Dialog 158

Augenblicke, in denen sich nichts zu bewegen scheint, können wichtige (und sehr aktive)  Ruhepausen sein. Aber nur, wenn man sie als solche erkennt und ihre schöpferische Ruhe nutzt, können sie auch wirklich genutzt werden. Verstehst du, was ich meine? Stillstand ist keineswegs gleich Stillstand.

Dialog 158, 16.07.1986

Jörg:
Monika geht es nicht gut.

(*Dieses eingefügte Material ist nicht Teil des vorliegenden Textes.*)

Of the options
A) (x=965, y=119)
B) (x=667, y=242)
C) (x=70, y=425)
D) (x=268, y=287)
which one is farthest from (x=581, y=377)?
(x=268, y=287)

Sie ist traurig und weiß nicht genau warum. Sie vermutet einen Zusammenhang mit S., aber auch damit, dass sich zur Zeit nichts zu bewegen scheint. Kannst du ihr dazu etwas sagen? Sie braucht so dringend Hilfe!

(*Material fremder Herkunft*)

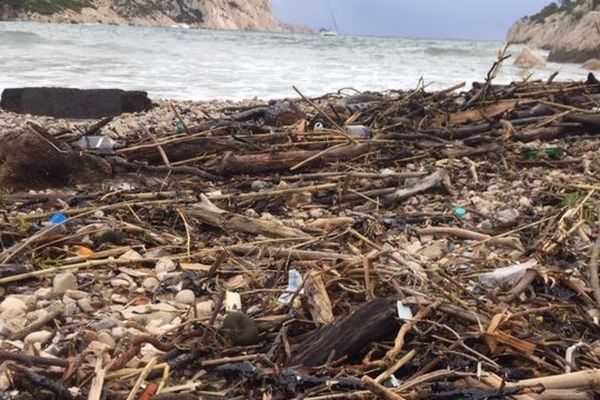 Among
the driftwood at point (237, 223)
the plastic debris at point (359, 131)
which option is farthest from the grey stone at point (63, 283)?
the plastic debris at point (359, 131)

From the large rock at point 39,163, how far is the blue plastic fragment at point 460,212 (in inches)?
97.9

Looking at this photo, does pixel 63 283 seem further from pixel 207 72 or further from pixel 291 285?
pixel 207 72

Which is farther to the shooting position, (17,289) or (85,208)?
(85,208)

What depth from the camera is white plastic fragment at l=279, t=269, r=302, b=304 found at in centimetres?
237

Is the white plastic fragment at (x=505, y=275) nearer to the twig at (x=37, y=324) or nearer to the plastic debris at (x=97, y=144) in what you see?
the twig at (x=37, y=324)

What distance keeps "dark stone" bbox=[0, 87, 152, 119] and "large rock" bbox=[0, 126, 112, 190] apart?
12.2ft

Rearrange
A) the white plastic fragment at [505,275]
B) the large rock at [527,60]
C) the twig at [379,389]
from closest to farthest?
the twig at [379,389] → the white plastic fragment at [505,275] → the large rock at [527,60]

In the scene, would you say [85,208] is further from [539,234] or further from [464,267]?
[539,234]

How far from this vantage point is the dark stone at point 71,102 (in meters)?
8.08

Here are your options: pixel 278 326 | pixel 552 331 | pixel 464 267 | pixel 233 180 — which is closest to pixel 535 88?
pixel 233 180

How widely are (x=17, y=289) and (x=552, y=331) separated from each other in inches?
82.2

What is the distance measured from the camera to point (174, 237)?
10.6 feet

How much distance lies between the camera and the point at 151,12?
8831 centimetres

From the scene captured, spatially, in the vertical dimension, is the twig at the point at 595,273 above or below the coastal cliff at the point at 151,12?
above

Monika, du siehst die Menschen wie sie sind – und wenn du es ihnen sagst, erntest du natürlich nicht immer Zustimmung. Du musst lernen, daran zu wachsen, denn nichts an dem, was du in dieser Hinsicht sagst oder tust ist falsch. Du kannst also nicht besser machen, als du es tust, und es wird immer wieder passieren, dass sich Menschen von dir abwenden (müssen), die die Kraft nicht haben, ihre eigene Wahrheit zu ertragen.

Du machst deine Sache richtig und du machst sie gut. Du bist einfühlsam und verständnisvoll, aber du erkennst auch den Punkt, wo es gilt hart zu bleiben und auf seiner Meinung zu bestehen. Das mag nicht jeder – und doch hilfst du damit auch diesen Menschen. Die Saat wird dann nur später aufgehen.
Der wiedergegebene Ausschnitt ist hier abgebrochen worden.